The principle of relevant costing is primarily applicable where decisions have to be made. The inclusion of irrelevant information during the process, could lead to the incorrect decision being made. A relevant cost/income is any cost/income that will NOT be incurred if one decision is made instead of another. This can be illustrated by the following example of a person having to decide between renting or buying a townhouse. The following information relates to the alternatives under consideration:

  Renting Buying
Area of townhouse 125m2 202m2
Rent/Bond per month R7 100 R9 800
Water and Electricity per month R1 000 R1 500
Rates and Taxes R0 R400
Levies R0 R1 100
Cable subscription R1 000 R1 000
Cleaning per month R750 R750
Original building cost R700 000 R1 000 000

The person in the example knows that he will receive a salary increase of R5 000 for the 2018 financial year. He now has to determine whether this increase will ensure that he can afford to buy the larger townhouse. In this decision-making process, the above mentioned costs can be divided between relevant and irrelevant as follows:

  Renting Buying Relevant/Irrelevant
Area of townhouse 125m2 202m2 ?
Rent/Bond per month R7 100 R9 800 R2 700 Relevant
Water and Electricity per month R1 000 R1 500 R500 Relevant
Rates and Taxes R0 R400 R400 Relevant
Levies R0 R1 100 R1 100 Relevant
Cable subscription R1 000 R1 000 Irrelevant
Cleaning per month R750 R750 Irrelevant
Original building cost R700 000 R1 000 000 Irrelevant

 

The irrelevant cash flows with regards to this decision are the cable subscription, cleaning cost and the original building cost. The cable subscription and cleaning costs are irrelevant since they will remain the same amount regardless of whether the decision is to rent or to buy. This means that there will be no additional costs that have to be covered by the R5 000 salary increase and we therefore do not take these cash flows into consideration. The original cost to build both buildings is irrelevant since regardless of the decision, those amounts have been incurred and cannot be changed. Cost incurred in the past which does not have an impact on a decision is also known as sunk cost.

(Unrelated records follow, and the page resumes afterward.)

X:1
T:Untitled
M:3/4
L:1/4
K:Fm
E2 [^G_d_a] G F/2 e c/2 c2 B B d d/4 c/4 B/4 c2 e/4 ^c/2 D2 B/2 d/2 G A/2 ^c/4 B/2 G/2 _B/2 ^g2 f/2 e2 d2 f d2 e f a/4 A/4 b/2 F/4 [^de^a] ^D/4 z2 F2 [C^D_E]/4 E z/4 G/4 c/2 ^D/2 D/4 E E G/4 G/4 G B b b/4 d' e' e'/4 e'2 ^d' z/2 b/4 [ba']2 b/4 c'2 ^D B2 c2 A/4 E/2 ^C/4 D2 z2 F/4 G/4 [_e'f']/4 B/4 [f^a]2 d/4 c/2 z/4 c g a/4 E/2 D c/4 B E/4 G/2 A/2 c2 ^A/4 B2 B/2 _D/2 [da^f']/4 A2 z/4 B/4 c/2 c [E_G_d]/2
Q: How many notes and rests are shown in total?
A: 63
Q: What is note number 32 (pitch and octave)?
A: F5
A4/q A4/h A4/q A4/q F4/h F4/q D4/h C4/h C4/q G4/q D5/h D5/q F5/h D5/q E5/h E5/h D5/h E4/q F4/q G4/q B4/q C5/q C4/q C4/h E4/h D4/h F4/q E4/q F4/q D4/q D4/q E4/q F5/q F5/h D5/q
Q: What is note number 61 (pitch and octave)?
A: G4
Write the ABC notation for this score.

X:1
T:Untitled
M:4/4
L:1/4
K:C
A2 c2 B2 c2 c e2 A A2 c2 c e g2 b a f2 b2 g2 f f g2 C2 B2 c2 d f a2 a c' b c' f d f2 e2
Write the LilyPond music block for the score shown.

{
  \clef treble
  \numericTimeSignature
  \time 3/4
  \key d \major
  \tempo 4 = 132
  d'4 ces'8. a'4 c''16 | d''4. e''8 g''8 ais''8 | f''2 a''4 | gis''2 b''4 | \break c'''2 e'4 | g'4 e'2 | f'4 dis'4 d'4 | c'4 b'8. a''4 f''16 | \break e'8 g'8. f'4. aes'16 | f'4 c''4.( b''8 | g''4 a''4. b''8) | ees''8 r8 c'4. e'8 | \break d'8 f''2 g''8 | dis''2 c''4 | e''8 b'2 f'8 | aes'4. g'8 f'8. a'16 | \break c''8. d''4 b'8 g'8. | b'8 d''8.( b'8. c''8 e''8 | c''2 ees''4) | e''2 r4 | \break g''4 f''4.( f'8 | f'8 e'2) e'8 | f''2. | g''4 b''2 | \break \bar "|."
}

This means that for the decision that has to be made, an amount of R4 700 (R2 700 + R400 + R1 100 + R500) is relevant. This amount is less than the expected salary increase of R5 000 and accordingly this person will be able to afford buying the larger house purely covering additional cash flows from his increase.

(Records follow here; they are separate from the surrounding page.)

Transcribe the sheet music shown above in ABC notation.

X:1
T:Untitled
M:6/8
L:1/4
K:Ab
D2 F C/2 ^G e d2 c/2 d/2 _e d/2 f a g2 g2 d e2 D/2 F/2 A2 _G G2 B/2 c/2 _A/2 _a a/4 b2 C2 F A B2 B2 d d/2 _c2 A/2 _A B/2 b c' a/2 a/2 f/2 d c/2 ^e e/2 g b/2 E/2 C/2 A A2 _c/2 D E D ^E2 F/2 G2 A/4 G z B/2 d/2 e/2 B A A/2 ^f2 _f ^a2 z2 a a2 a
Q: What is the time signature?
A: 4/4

If the cleaning and DSTV costs were also taken into account, the total amount under consideration would be R6 450 (R4 700 + R1 000 + R750) which is more than the R5 000 increase and would mean that the person would stick to renting and not buying, which would be the incorrect decision.

The only line item that has not been taken into account at this point is the area of both buildings. The question remains whether this will affect our decision or not. Factors that do not have a monetary value attached to it in a decision-making scenario are called qualitative factors. Qualitative factors that might have an impact on a decision must also be taken into account in the process. The area of the buildings is an example of a qualitative factor and will have an impact on the decision in the example since a person that is in dire need of additional space, will still consider buying a more spacious building as opposed to renting a smaller building, even if the relevant cash outflows exceeded the additional income of R5 000 per month.

The above example is a question that a lot of people have been faced with and, without them even realising it, made their decision by applying relevant costing principles. This shows that the concept of relevant costing is not as daunting as the eight letter word leads us to believe.

Now that relevant costing has been simplified, the principle can be applied in all areas of business. The decisions might be more complex like deciding to manufacture goods in-house or rather purchasing it from an outside supplier or the need to rent additional factory or storage space or even decisions such as whether to hire an additional manager or not. Whatever business decision lies ahead, applying the principle discussed above of only taking relevant costs/income and qualitative factors into account will ensure the best possible outcome.